Holly Grove Plantation House was built c. 1830 by Noel and Jane Killingsworth near Red Lick, Mississippi, and dismantled and reconstructed 70 mi to the north in Hinds County, Mississippi, in 1990. The Killingsworths lived there with their children and grandchildren, including Sarah Ellen Grafton. They sent her and their other daughters to Nazareth Academy in Bardstown, Kentucky.

==History==
The house, a mixture of federal and Greek Revival architecture, was originally constructed from a kit manufactured in Cincinnati, the components of which were shipped down the Ohio and Mississippi rivers to Rodney, Mississippi, and transported to Red Lick by wagons along with a crew supplied by the manufacturer, believed to be Hinkle, Guild & Co.

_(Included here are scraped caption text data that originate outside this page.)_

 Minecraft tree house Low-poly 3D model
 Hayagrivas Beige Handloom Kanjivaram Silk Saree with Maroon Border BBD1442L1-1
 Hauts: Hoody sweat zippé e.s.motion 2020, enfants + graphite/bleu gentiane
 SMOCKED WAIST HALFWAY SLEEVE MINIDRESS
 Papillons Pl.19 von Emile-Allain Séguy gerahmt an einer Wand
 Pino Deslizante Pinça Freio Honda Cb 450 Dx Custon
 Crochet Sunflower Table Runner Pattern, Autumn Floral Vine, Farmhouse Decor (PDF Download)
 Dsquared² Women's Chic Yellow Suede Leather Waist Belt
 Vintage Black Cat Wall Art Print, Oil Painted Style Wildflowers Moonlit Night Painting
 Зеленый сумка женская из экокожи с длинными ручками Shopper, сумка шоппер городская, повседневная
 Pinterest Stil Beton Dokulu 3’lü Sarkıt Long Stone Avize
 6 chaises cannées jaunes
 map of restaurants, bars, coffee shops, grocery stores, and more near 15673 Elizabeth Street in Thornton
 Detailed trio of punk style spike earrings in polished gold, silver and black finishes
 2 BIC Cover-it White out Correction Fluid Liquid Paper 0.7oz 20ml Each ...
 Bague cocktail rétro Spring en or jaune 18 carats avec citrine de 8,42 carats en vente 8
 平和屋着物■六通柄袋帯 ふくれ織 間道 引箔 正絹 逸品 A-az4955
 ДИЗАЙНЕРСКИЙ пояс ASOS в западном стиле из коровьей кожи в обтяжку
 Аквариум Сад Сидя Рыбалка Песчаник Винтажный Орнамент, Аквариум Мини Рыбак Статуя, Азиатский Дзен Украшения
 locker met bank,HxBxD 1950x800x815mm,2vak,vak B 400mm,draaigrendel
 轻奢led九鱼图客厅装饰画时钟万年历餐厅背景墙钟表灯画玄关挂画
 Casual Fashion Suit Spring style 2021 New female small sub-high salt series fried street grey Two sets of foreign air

The frame of the house, of post-and-beam, mortise-and-tenon construction, includes numerous interchangeable components (indicating manufactured millwork), with Roman numeral markings. The original foundation sills were hewn on site, with manufactured framework of poplar, spruce and fir, exterior siding and trim of cypress, walls and ceilings of tongue-in-groove spruce and fir and floors of heart pine.

==Layout==
The basic plan consists of a full-width undercut front gallery and center hall with two rooms on either side; a stair mounts from the hall to a second-story hall with a room on either side. A dining wing (no longer extant) was added to the rear of the house, along with a full-width breezeway and side galleries on either side (along with a secondary stair) c. 1850.

==Ownership==
The house remained in the Killingsworth family until 1990; it was listed in 1996 on the National Register of Historic Places after being reconstructed and restored at its new site along the Old Bridgeport Road by its present owner, Alan Huffman.

==Features==
Notable features include a fanlight and sidelights framing double paneled front doors, original false graining on all original doors, original marbleizing on surviving mantels, and handwriting (including notes, poems and other records) on walls throughout the house, with the earliest dating to 1870. The nearby Old Bridgeport Road is a registered Mississippi Landmark. The current site has had a variety of uses, first as a Native American camp, later as Hall's Plantation, which was occupied by Union troops on numerous occasions during the Civil War, and finally as the center of an African American tenant farming community.